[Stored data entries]
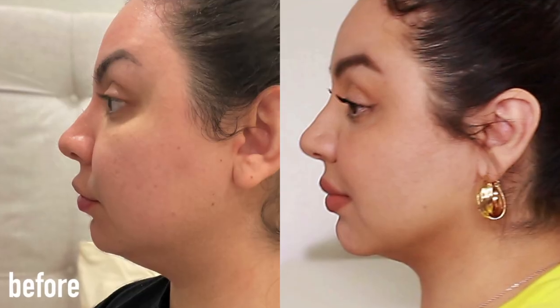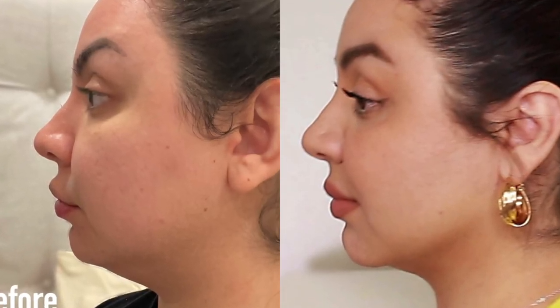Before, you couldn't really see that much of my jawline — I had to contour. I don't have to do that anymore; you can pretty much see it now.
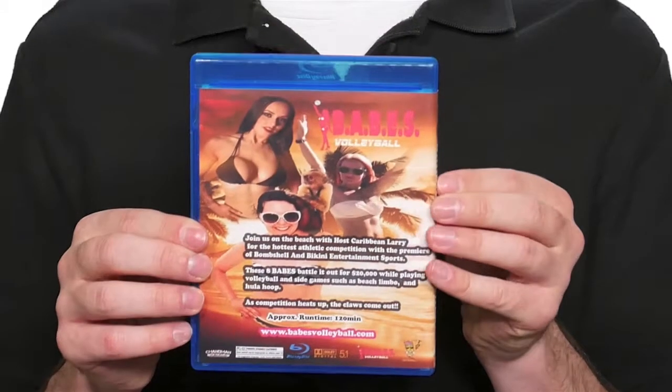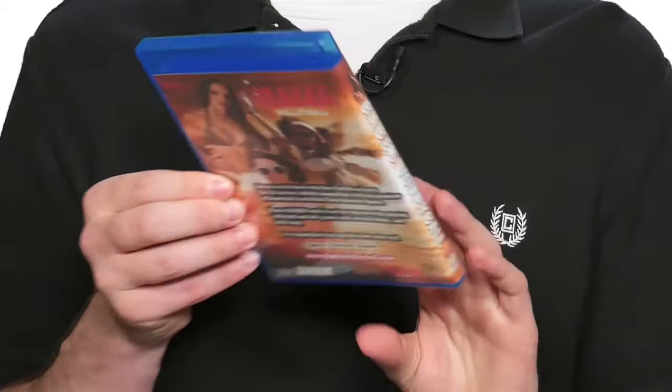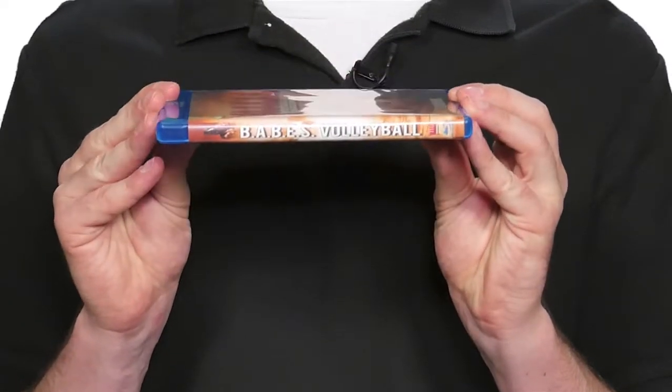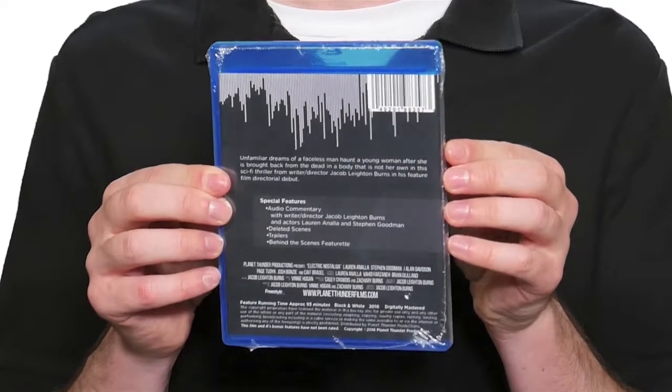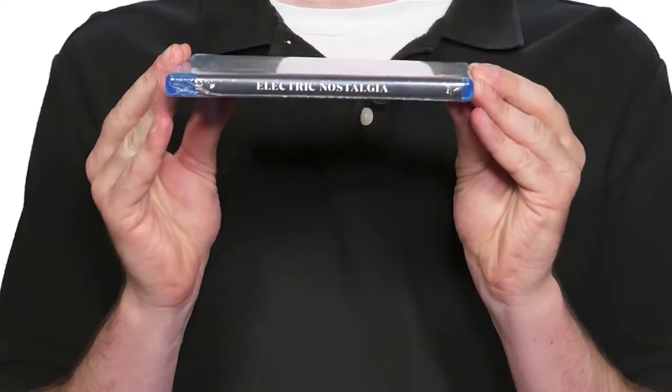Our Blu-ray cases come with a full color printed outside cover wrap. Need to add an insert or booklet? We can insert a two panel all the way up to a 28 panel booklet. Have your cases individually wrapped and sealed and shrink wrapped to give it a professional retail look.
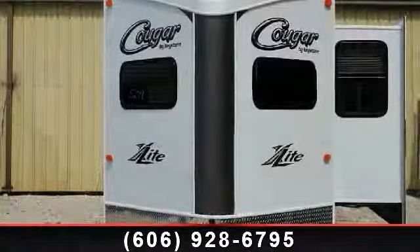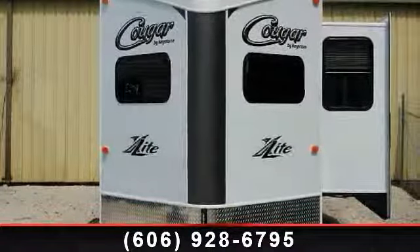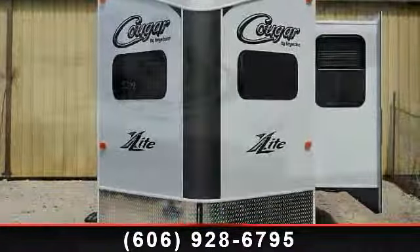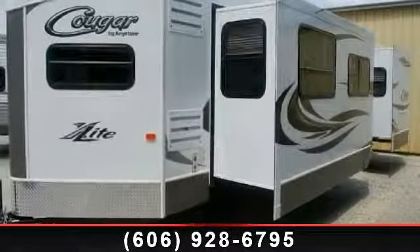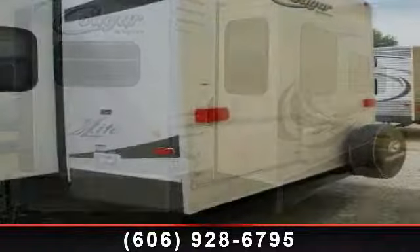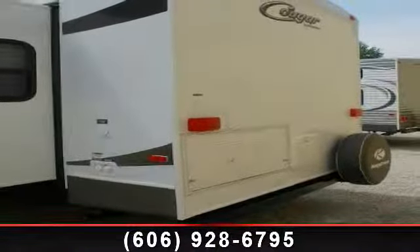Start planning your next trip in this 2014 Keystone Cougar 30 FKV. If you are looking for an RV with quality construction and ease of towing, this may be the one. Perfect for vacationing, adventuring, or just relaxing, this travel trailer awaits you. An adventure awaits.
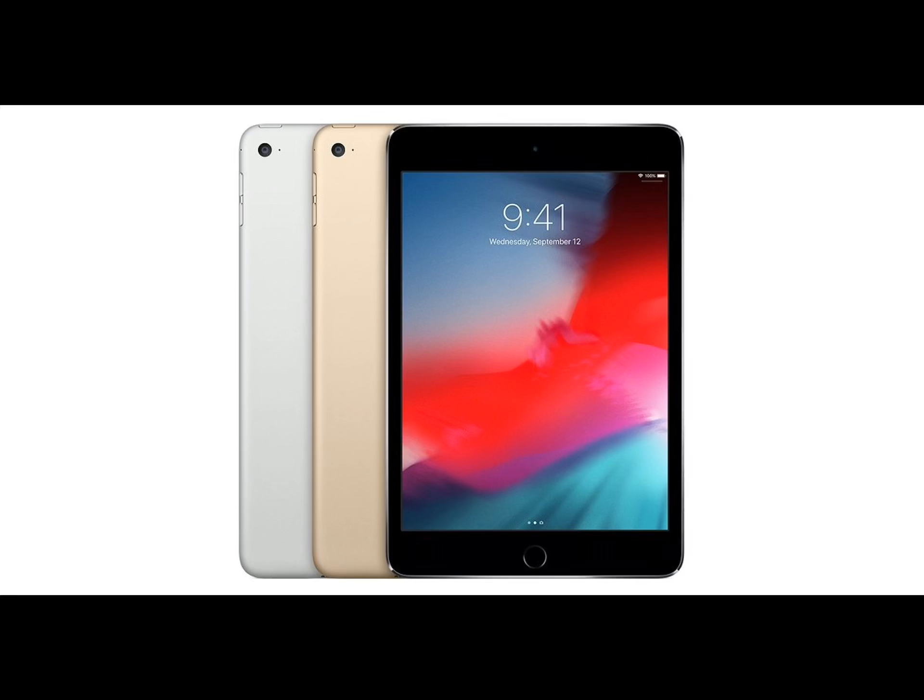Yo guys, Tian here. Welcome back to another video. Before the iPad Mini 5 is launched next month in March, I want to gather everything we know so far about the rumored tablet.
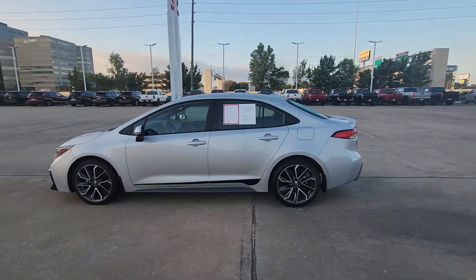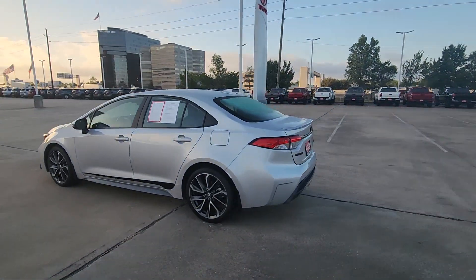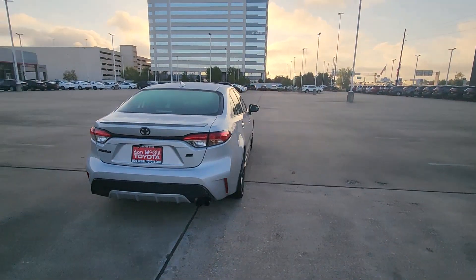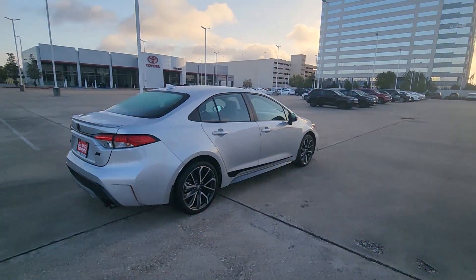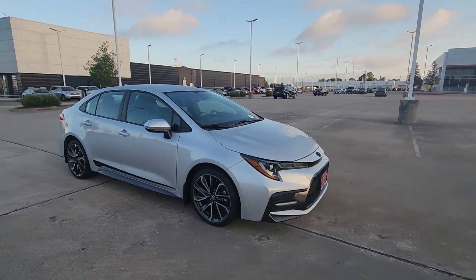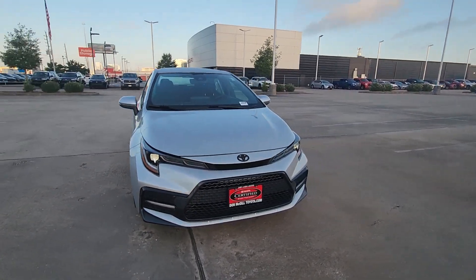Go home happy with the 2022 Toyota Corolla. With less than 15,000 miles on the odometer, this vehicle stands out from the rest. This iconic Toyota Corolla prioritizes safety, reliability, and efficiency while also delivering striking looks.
* * *
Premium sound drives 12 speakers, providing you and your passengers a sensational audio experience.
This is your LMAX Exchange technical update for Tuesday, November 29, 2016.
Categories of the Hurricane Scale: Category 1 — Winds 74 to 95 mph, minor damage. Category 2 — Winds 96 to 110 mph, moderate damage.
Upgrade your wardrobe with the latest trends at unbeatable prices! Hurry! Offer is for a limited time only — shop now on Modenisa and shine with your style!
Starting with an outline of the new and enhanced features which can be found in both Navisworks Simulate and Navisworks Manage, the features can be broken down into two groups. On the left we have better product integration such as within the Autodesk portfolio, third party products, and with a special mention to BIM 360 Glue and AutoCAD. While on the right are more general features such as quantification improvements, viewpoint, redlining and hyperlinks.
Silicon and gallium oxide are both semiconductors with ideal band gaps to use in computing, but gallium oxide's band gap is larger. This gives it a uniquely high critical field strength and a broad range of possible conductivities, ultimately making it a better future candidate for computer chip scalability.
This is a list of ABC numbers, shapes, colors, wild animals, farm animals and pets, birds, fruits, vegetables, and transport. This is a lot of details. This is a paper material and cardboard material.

## EXERCISE REQUIREMENTS
Could you reproduce exactly the lines of the entries above, from the one with "Starting with an" through the one with "This is a list", and nothing else?

## YOUR SOLUTION
Starting with an outline of the new and enhanced features which can be found in both Navisworks Simulate and Navisworks Manage, the features can be broken down into two groups. On the left we have better product integration such as within the Autodesk portfolio, third party products, and with a special mention to BIM 360 Glue and AutoCAD. While on the right are more general features such as quantification improvements, viewpoint, redlining and hyperlinks.
Silicon and gallium oxide are both semiconductors with ideal band gaps to use in computing, but gallium oxide's band gap is larger. This gives it a uniquely high critical field strength and a broad range of possible conductivities, ultimately making it a better future candidate for computer chip scalability.
This is a list of ABC numbers, shapes, colors, wild animals, farm animals and pets, birds, fruits, vegetables, and transport. This is a lot of details. This is a paper material and cardboard material.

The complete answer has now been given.